What you have to do: Only the lines from the one containing "Courtyard Casual 5443" through the last line of the material should be copied, exactly as written and without pictures.

Source data:
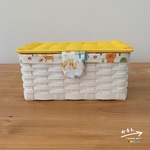 マスクケース☆アニマル柄(ホワイト×ひまわり色)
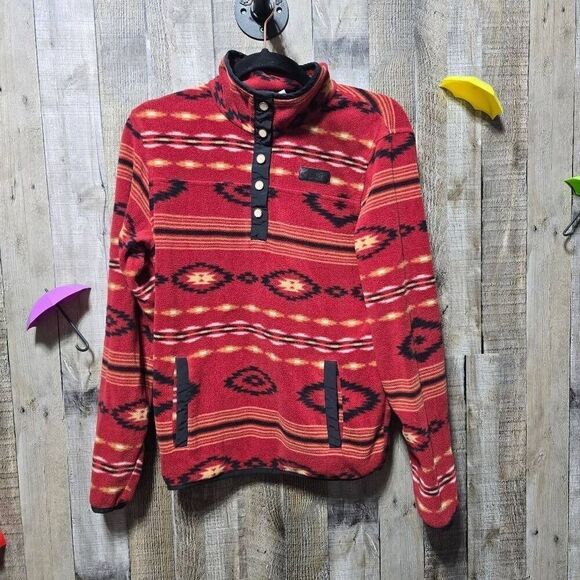 Cinch Ladies Red Polar Fleece Pullover - Picture 2 of 6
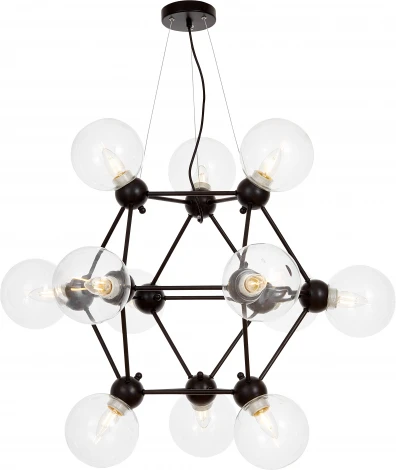 Подвесной светильник Lumina Deco Zodiak LDP 160N-12 BK+PR (220V, на тросе, шарики, молекулы)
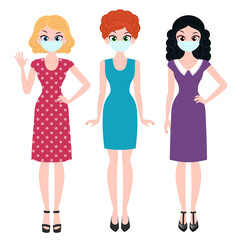 Young women characters wearing medical mask isolated on white background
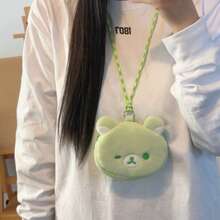 San-X Rilakkuma Blue Relaxed Bear Smiling Face Cute Neck Bag Funny Expression Earphone Card Holder Coin Purse CCD Bag - Multicolor - View 8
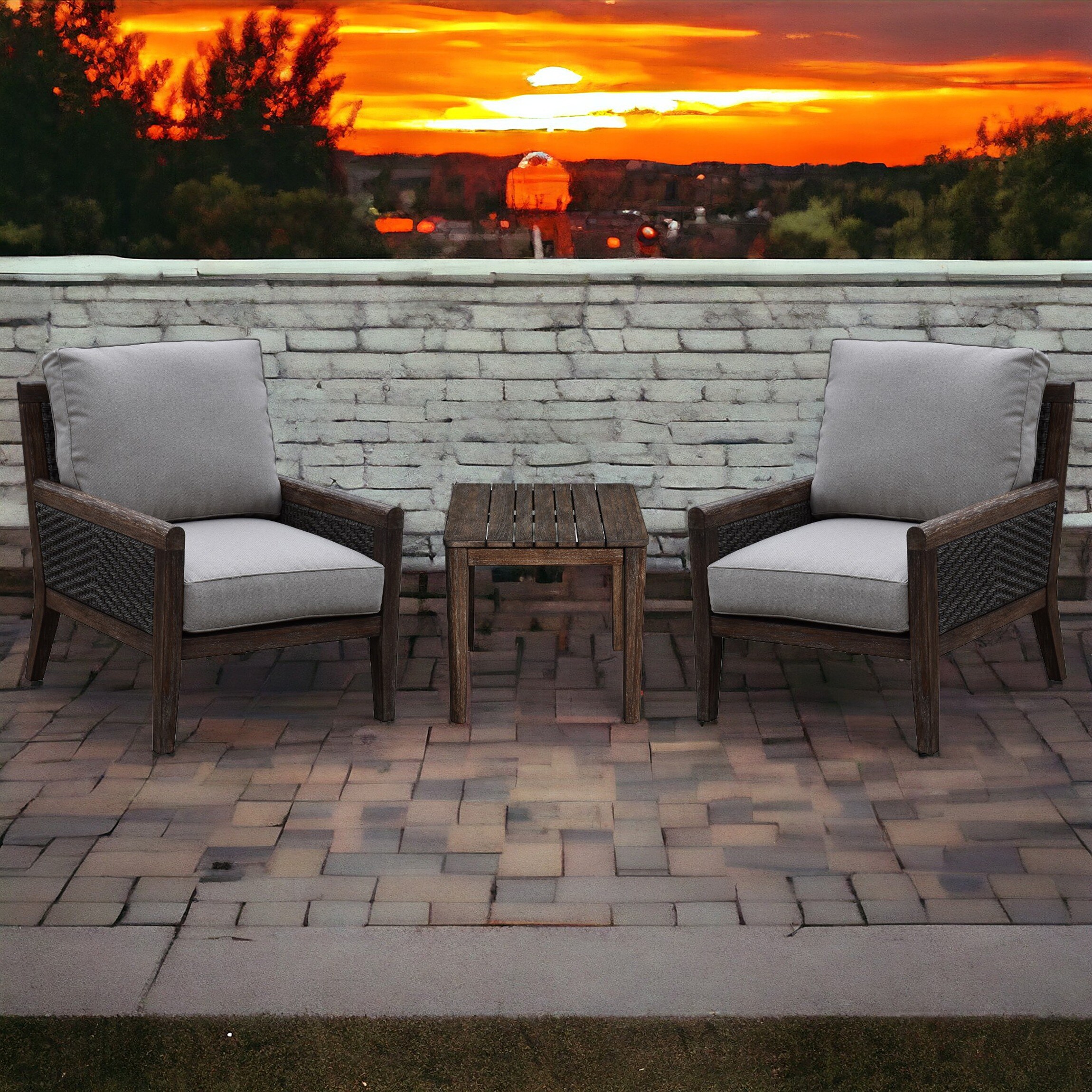 Courtyard Casual 5443 Bermuda 3 -Piece Rattan Patio Conversation Set with Beige Sunbrella Cushions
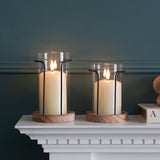 Hurricane Glass Candle Holder with Wooden Base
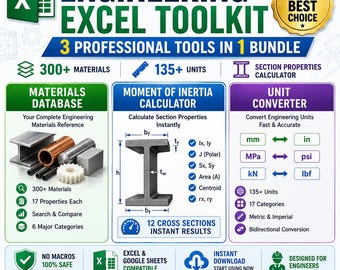 Engineering Excel Tools Bundle: Unit Converter, Inertia Calculator, Material Database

Answer to the exercise:
 Courtyard Casual 5443 Bermuda 3 -Piece Rattan Patio Conversation Set with Beige Sunbrella Cushions
 Hurricane Glass Candle Holder with Wooden Base
 Engineering Excel Tools Bundle: Unit Converter, Inertia Calculator, Material Database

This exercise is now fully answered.